Originally created to mock the National Day of Prayer, the heavy metal holiday International Day of Slayer has gained momentum. The people behind it have sent Slayer CDs to the White House, demanded national recognition from politicians, and even received a reply from Slayer themselves.
The holiday is on, folks, and it’s June 6, starting at 6:00 AM (get it? 6/6:6). You and your friends who like Slayer need to stage a “Slay-in” all day. Don’t go to work, listen to Slayer. If you didn’t have to go to work, don’t do any work, listen to Slayer. It’s a holiday.
From the International Day of Slayer website:
Who is Slayer
Slayer is a band from California. Their music has come to epitomize Satanic speed metal music in the latter half of the 20th century. Their 1986 album, “Reign in Blood” is one of the single most influential metal albums of all time, typified by the modern classic “Angel of Death”.
How to Celebrate
* Listen to Slayer at full blast in your car.
* Listen to Slayer at full blast in your home.
* Listen to Slayer at full blast at your place of employment.
* Listen to Slayer at full blast in any public place you prefer.
DO NOT use headphones! The objective of this day is for everyone within earshot to understand that it is the National Day of Slayer. National holidays in America aren’t just about celebrating; they’re about forcing it upon non-participants.
Taking that participation to a problematic level
* Stage a “Slay-out.” Don’t go to work.

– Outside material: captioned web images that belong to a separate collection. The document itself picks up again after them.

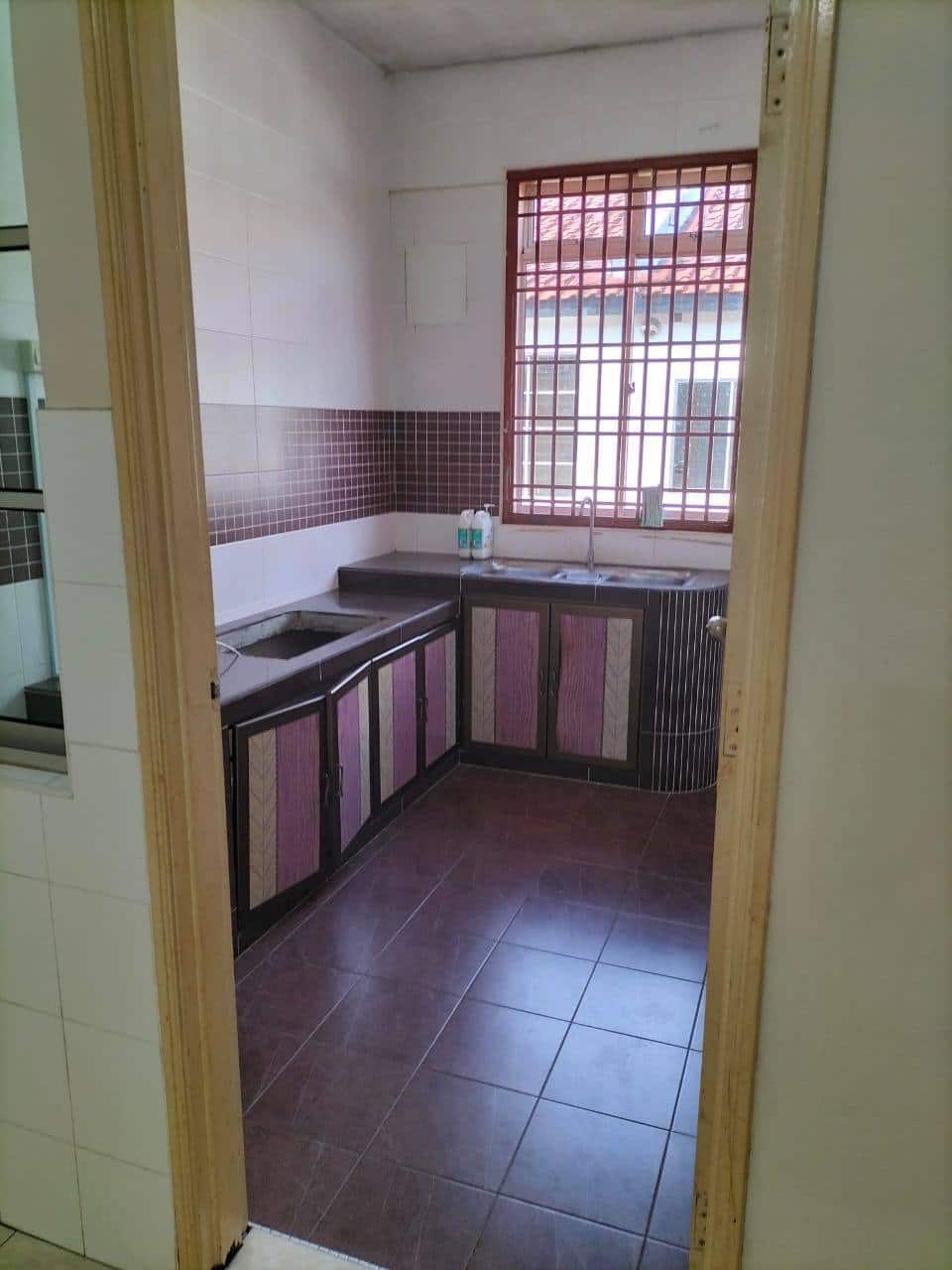 Single Storey Terrace House Impian Emas 8
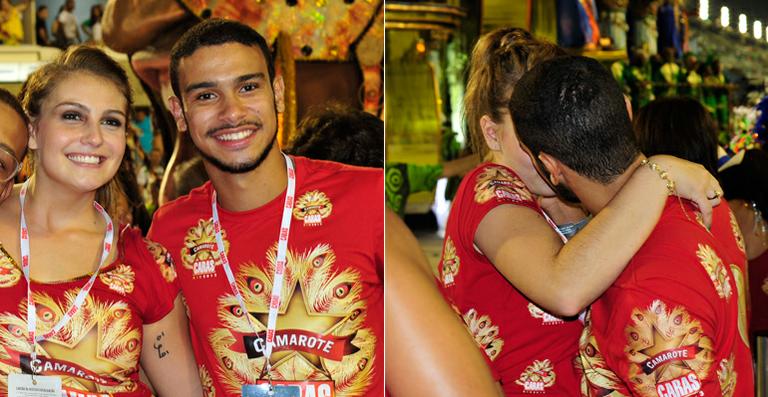 Sérgio Malheiros e Aimée Madureira trocam beijos no carnaval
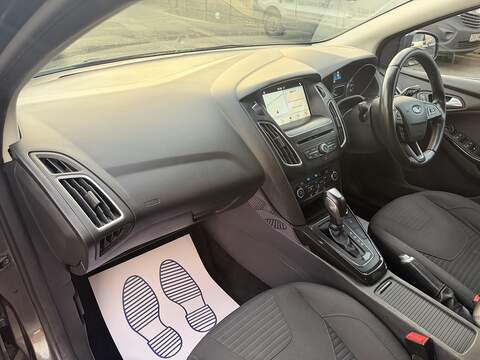 Ford Focus 1.0T EcoBoost Titanium Hatchback 5dr Petrol Auto Euro 6 (s/s) (125 ps) - U2354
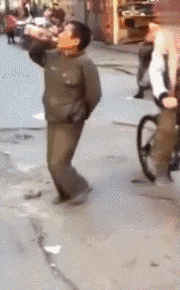 大哥|搞笑GIF：五菱不愧是大哥，天塌下来大哥顶着！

Listen to Slayer.
* Have a huge block party that clogs up a street in your neighborhood. Blast Slayer albums all evening. Get police cruisers and helicopters on the scene. Finish with a full-scale riot.
* Spray paint Slayer logos on churches, synagogues, or cemeteries.
* Play Slayer covers with your own band (since 99% of your riffs are stolen from Slayer anyway).
* Kill the neighbor’s dog and blame it on Slayer.
We’re going to have a Slay-in at a local establishment — all day. Keep your eyes peeled.